Solved Potential bug with UDP NAT loopback/hairpinning

  • ATTENTION! As of November 1, 2020, you are not able to reply to threads 6 months after the thread is opened if there are more than 500 posts in the thread.
    Threads will not be locked, so posts may still be edited by their authors.
    Just start a new thread on the topic to post if you get an error message when trying to reply to a thread.

Jargon

Occasional Visitor
Hi all, hopefully this is the right place to post this.

I'm running a Valheim server on my Ubuntu box on my network and after the latest game update (where they stopped using SDR/Steam relays) I've suddenly lost the ability to connect to my server using my WAN IP (those outside my network are unaffected). After countless hours on their Discord investigating I've discovered 2 others having exactly the same issues as myself. All of us having Asus routers. I'm running Asuswrt-Merlin on a RT-AC3200 and I believe they are on stock (I'm not sure what router models they are using but they are all different).
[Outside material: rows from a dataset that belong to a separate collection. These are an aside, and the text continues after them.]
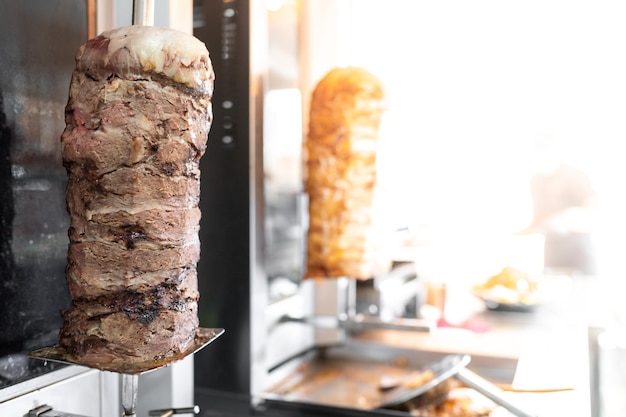 Traditionelles türkisches Fast Food Vertikale Rotisserie mit heißem und frischem Fleisch für Döner-Kebab-Kopienplatz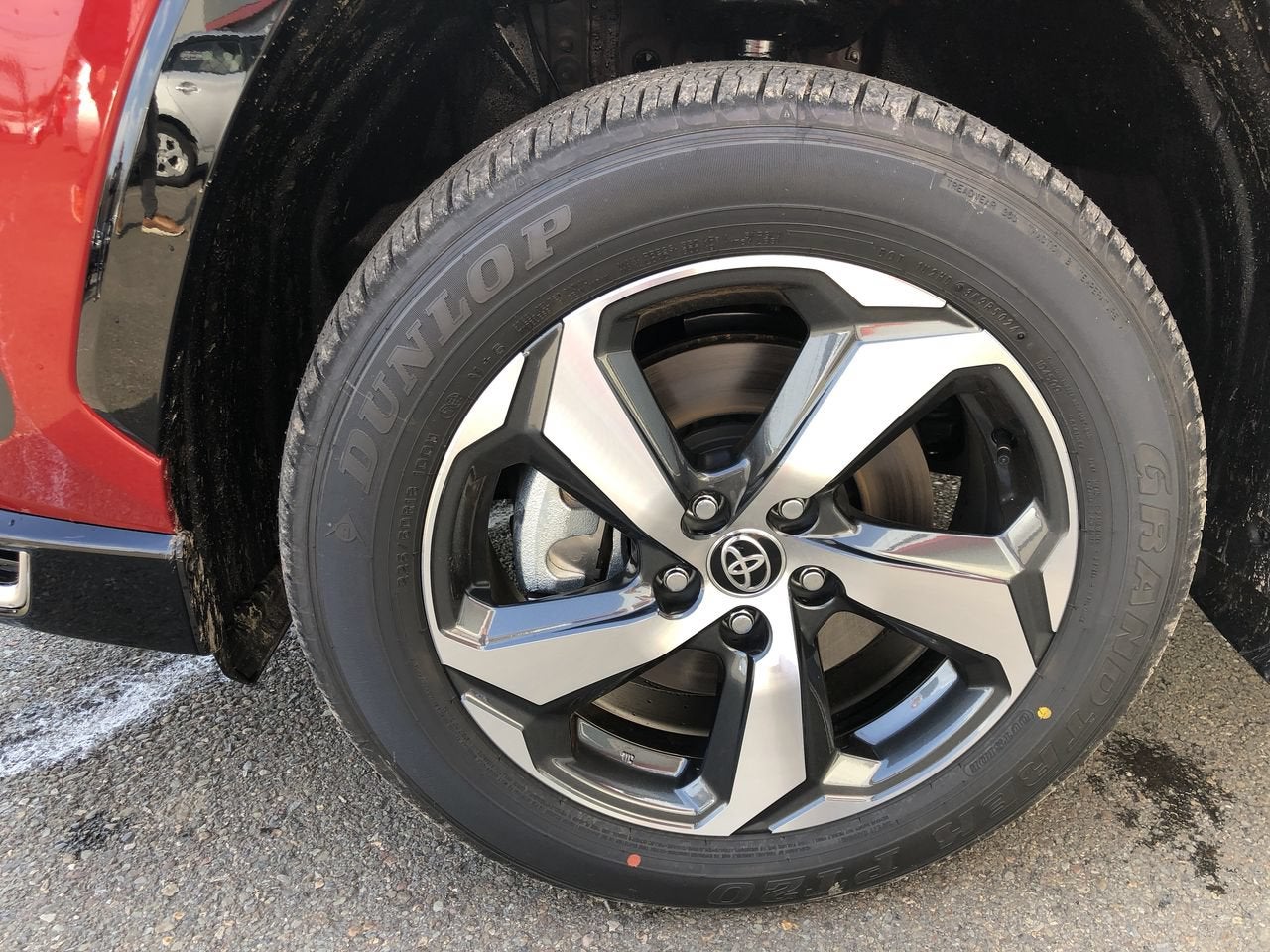 2025 Toyota RAV4 Plug-In Hybrid SE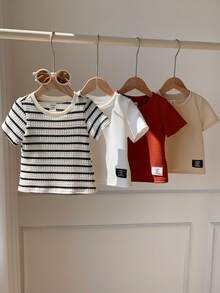 SHEIN Bộ 4 áo thun ngắn tay kẻ sọc dệt kim đa năng dễ thương cho bé trai mùa hè, kiểu dáng thường ngày, dễ phối đồ. - Nhiều màu - Xem 4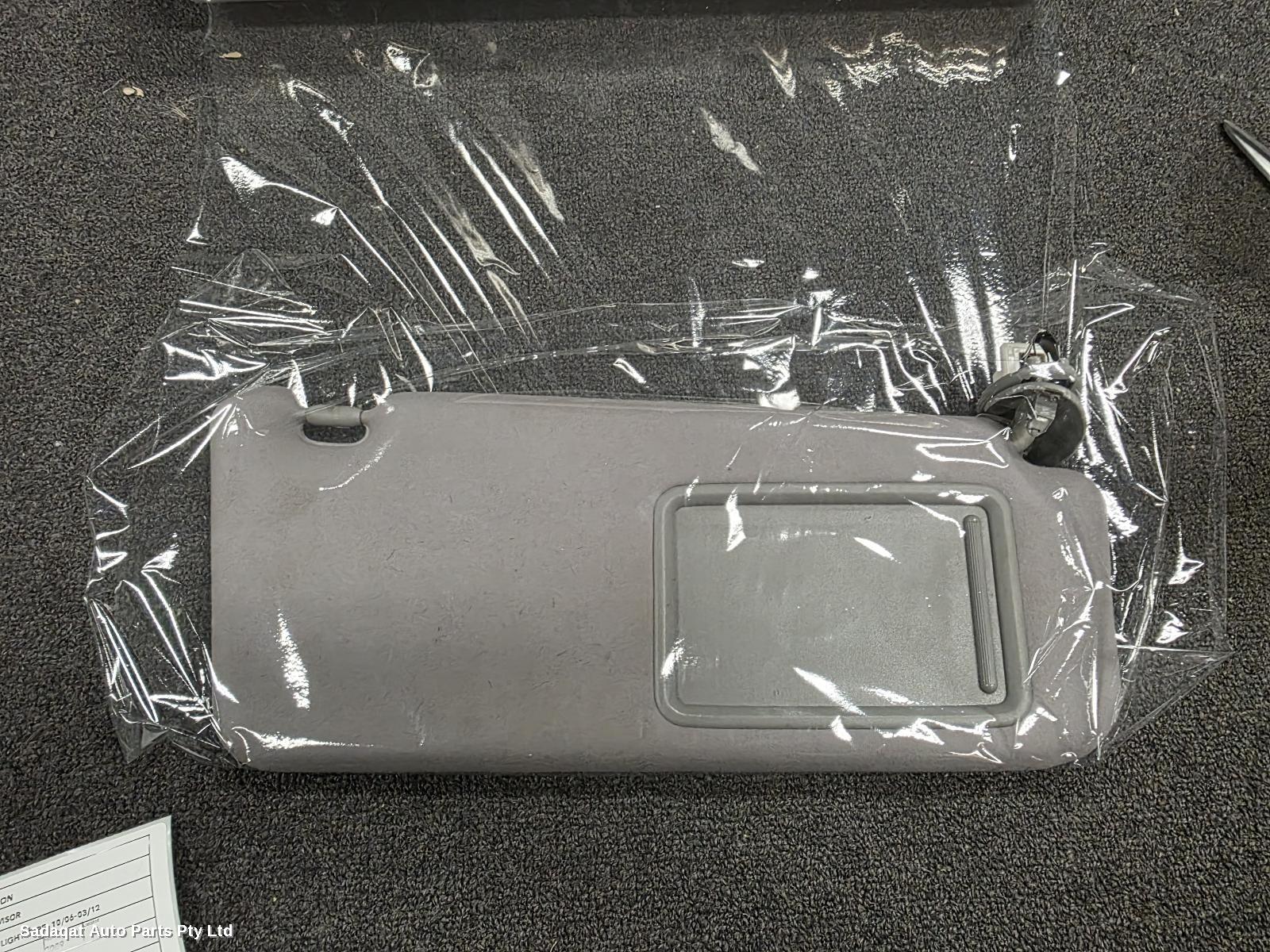 Toyota Aurion Sunvisor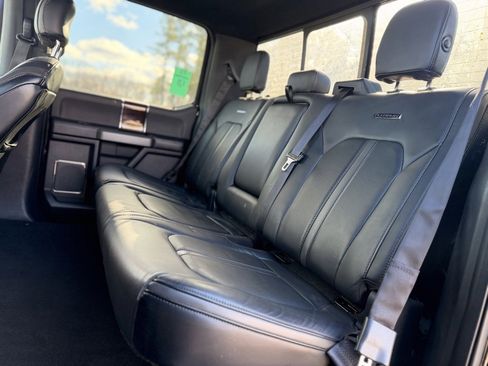 Used 2015 Ford F150 Platinum w/ Equipment Group 701A Luxury image 16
We've slowly converged towards the idea that there maybe something wrong with UDP NAT loopback/hairpinning. I run multiple services on my local network and have never had an issue like this before, but Valheim is exclusively UDP whereas all the other services I run are TCP.

I ran some tests with netcat and discovered that when connecting to myself (when logged into the Ubuntu box) using the WAN IP, the connection seems to drop/close after the first message is transmitted. See below:
netcatudp.png


This is as far I've got and I'm at a loss of how to proceed. This goes beyond my networking knowledge so I'm really hoping some of you folks can assist.

Thanks in advance :)
 

ColinTaylor

Part of the Furniture
Interesting observation. I can recreate your issue here. Interestingly, if you wait a few minutes you can successfully send another single line of data.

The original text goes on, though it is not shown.